Friday, 16 March 2012

'Loose Ends' (Justified, Season 3, Episode 9)


In a sense the episode title is apt. 'Loose Ends' is about unfinished business and the attempts by Delroy (William Mapother), Sheriff Napier (David Andrews) and Ellstin Limehouse to make sure their deeds won't come back to bite them. Like 'Watching the Detectives', the episode has the characters' messes catch up with them. And like that episode, it also moves the plot forward and reveals character in a couple of absolutely outstanding setpieces.

'Loose Ends' opens with Delroy the pimp and his girls bungling a robbery that leaves Krystal (Erin Anderson) dead. Delroy attempts to kill Ellen May (Abby Miller) too, but she seeks shelter with Ava Crowder. Meanwhile, Raylan, told by Art to leave Quarles alone, attempts to track down Tanner Dodd (Brendan McCarthy), the fugitive responsible for the car bomb that put Sheriff Napier ahead in the polls. Boyd, who pointed Raylan in Tanner's direction, seeks to reinvigorate his man Shelby's (Jim Beaver) campaign for Harlan county sheriff.

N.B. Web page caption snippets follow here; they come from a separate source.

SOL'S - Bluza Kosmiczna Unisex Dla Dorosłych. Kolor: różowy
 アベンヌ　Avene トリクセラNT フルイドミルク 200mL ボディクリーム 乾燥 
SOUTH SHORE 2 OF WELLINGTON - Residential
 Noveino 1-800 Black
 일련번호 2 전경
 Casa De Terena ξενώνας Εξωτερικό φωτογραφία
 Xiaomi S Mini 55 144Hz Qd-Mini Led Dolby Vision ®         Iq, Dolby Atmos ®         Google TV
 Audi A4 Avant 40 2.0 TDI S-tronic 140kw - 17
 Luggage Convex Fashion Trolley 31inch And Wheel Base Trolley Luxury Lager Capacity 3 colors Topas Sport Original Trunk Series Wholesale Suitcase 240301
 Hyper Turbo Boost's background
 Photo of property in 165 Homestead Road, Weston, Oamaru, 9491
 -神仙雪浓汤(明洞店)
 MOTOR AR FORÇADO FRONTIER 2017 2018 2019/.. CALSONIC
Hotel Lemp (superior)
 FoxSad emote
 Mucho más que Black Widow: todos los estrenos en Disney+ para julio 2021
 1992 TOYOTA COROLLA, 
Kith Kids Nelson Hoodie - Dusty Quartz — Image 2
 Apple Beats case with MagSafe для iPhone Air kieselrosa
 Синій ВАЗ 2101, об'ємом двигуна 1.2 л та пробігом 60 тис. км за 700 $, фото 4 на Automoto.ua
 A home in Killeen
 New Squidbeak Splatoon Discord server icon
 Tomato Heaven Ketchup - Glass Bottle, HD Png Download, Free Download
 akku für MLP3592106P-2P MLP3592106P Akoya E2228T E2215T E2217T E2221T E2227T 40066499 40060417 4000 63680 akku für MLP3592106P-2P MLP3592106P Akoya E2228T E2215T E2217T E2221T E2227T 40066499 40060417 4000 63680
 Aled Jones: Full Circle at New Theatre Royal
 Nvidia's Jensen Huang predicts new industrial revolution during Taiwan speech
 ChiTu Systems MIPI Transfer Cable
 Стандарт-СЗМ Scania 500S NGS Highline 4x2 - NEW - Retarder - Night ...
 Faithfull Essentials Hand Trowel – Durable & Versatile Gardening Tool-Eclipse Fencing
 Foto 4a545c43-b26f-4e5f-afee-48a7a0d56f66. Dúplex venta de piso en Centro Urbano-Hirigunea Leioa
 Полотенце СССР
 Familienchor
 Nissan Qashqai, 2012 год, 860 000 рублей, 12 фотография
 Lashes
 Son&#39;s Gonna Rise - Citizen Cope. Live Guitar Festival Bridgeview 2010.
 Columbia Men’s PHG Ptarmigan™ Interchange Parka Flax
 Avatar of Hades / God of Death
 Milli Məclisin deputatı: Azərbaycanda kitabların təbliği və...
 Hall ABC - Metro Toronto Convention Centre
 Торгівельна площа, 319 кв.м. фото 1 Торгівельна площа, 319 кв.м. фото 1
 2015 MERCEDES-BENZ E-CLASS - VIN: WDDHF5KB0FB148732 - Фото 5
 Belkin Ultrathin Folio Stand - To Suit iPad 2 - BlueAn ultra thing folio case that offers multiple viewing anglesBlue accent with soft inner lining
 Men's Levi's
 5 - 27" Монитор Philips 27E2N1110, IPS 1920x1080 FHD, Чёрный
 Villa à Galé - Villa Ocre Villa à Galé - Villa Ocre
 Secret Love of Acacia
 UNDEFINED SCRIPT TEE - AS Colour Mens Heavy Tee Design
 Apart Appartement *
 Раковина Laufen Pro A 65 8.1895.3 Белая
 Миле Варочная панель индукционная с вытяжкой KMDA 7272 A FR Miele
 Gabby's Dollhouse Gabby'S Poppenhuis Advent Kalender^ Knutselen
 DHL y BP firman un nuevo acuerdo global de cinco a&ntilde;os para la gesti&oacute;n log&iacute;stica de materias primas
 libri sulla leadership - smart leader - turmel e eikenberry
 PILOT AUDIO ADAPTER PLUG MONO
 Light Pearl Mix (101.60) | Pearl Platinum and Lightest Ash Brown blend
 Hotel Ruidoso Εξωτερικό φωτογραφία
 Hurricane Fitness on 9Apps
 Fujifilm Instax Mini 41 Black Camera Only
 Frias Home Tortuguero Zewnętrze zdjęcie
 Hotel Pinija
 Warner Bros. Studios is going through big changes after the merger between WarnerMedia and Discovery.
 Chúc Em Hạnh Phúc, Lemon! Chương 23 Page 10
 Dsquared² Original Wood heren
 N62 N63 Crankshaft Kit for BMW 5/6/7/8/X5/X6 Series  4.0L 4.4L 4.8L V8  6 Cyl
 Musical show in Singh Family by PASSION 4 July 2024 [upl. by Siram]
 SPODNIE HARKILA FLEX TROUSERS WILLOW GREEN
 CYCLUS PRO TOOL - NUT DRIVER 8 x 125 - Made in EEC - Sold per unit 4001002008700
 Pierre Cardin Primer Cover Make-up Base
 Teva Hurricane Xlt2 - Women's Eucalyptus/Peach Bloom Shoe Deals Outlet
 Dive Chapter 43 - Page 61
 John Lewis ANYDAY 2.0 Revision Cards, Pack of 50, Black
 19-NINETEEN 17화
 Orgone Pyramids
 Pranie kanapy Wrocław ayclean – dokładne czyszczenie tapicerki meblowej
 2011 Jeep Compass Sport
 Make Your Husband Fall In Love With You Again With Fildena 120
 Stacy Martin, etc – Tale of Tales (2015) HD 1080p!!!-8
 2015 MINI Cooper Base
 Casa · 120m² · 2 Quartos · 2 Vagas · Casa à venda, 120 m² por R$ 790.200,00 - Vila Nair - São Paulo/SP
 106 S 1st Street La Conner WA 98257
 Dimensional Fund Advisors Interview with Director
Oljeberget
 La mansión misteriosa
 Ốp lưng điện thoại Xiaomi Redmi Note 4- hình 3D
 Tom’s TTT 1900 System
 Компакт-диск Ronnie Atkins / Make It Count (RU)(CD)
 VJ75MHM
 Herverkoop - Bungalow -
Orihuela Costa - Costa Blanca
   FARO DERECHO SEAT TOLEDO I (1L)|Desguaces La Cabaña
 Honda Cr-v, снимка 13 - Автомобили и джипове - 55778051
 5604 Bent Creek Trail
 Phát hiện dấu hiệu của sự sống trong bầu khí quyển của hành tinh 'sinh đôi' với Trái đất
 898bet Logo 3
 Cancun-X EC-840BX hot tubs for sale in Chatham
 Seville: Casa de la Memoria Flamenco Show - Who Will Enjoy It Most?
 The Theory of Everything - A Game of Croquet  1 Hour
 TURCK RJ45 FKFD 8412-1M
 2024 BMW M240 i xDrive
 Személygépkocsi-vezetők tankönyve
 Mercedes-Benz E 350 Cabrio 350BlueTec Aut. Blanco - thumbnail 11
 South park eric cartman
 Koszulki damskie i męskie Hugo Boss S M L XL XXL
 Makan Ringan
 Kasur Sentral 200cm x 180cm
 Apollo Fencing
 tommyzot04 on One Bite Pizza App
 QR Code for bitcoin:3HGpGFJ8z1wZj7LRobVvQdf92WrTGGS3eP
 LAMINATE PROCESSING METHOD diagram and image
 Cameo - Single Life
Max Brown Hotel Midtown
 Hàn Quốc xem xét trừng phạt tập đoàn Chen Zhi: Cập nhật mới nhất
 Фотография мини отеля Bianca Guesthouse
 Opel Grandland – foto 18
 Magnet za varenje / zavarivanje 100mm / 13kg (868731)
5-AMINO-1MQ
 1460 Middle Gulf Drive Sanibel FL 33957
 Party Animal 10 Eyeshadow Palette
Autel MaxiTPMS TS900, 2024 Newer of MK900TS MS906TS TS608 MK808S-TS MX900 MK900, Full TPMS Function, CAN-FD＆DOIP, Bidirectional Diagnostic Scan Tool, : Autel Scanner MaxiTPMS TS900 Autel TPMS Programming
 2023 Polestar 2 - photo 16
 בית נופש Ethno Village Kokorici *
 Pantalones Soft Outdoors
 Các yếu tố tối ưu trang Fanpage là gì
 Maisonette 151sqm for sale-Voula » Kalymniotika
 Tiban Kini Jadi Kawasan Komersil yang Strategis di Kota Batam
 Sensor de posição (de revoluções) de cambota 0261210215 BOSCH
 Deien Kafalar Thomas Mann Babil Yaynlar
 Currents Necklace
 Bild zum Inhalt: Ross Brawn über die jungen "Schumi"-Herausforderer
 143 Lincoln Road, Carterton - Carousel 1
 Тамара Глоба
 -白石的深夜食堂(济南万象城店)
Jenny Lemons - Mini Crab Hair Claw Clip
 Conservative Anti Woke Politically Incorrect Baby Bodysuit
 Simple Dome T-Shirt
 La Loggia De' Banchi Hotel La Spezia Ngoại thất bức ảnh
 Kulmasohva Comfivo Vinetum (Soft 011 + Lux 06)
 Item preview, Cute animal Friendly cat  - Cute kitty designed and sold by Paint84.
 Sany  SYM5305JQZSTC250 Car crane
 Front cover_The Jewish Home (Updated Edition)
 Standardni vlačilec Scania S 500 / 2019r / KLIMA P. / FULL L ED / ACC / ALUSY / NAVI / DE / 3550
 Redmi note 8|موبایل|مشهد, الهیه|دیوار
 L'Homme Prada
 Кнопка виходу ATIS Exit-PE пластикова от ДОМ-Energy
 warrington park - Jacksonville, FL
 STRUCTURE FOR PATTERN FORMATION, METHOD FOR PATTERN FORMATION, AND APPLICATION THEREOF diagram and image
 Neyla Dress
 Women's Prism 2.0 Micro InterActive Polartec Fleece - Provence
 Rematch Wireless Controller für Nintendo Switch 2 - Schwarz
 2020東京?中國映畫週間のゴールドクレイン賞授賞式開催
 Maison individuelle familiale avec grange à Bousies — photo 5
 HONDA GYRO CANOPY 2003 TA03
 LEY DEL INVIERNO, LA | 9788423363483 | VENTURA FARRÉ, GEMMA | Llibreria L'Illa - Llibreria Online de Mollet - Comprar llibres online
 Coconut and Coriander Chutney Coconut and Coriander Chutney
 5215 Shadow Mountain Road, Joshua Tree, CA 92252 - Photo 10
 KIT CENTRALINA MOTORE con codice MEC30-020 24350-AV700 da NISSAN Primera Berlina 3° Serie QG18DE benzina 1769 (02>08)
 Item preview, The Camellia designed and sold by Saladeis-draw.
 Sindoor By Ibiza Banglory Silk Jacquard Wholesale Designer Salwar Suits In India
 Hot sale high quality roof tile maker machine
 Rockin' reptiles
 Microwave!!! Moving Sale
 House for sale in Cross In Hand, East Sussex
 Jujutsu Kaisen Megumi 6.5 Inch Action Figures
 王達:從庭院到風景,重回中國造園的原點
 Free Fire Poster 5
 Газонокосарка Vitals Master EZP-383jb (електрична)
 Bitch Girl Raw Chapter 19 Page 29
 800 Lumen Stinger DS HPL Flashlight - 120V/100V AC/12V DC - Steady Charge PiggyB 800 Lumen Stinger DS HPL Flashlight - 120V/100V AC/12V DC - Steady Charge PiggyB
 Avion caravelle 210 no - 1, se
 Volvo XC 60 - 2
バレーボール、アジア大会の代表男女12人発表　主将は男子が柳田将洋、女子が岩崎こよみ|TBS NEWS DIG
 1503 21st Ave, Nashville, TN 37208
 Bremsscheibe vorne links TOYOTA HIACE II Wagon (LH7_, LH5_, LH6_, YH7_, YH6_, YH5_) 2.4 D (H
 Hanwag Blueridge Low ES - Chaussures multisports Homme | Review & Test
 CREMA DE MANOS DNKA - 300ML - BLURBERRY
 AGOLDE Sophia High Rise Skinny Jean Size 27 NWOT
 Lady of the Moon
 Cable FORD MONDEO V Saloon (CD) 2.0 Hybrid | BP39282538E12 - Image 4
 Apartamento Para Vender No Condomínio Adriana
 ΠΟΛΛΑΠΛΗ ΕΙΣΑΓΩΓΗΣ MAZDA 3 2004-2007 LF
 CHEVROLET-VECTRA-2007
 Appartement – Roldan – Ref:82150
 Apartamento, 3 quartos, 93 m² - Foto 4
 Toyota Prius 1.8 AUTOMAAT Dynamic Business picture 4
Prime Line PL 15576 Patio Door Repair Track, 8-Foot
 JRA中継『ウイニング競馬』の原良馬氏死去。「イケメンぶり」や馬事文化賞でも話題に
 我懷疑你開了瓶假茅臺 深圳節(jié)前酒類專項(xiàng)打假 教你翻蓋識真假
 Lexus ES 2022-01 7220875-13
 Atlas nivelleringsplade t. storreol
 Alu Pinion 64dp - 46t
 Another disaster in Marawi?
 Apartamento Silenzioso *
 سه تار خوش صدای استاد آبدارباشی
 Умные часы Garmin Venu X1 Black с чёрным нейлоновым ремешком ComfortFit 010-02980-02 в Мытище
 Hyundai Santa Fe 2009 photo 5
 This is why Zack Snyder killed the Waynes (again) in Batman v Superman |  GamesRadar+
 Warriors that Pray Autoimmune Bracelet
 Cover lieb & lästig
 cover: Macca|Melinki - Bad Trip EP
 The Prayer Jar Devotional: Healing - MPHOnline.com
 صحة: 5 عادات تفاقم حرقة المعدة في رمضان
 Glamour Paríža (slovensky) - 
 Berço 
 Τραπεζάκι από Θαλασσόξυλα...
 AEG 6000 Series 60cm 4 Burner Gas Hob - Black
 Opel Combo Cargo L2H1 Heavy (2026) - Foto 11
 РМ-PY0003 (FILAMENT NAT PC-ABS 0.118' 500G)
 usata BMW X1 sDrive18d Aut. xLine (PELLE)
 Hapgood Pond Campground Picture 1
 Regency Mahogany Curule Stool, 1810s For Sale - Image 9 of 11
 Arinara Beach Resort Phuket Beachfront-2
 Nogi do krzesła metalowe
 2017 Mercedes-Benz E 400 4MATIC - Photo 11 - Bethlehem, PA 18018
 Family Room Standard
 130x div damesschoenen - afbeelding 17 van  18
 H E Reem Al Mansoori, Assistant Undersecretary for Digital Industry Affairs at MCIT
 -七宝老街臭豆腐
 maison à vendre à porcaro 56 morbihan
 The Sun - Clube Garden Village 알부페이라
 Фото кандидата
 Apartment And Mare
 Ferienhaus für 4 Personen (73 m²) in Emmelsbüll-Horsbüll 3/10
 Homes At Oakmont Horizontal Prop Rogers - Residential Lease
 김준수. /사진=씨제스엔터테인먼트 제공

It all culminates in a terrific setpiece as Boyd crashes a town hall meeting and excoriates Napier for being a 'company man', while stressing his own criminal career began with his arrest for trade union work. It's a scene reminiscent of Mags Bennett's greatest moment of glory in Season Two, and Walton Goggins does as well with it as Margo Martindale did. Portraying a character performing a character isn't easy, and Boyd's speech is obviously disingenuous - his character is not reducible to blue-collar folksiness - but it's rousing all the same, and another of the by now alarmingly regular proofs that keeping Walton Goggins on board beyond the pilot was the best decision Justified ever made.

The other stuff is great too. Ava Crowder's rescue from the Season One scrappy heap continues to do wonders for me, as her transformation into hard-bitten crime queen runs up against her compassion for brutalised women, a product of her own history. Raylan, meanwhile, gets to share a wonderfully written, terrifically acted final scene with Limehouse, in which he proves no match for the butcher. The anger and hurt in Raylan's insistence that Limehouse telling him insulting stories about his mother 'would upset [him]' is something else. All in all, a great episode on the way to what I hope - not against hope, I think - will be a stunning finale.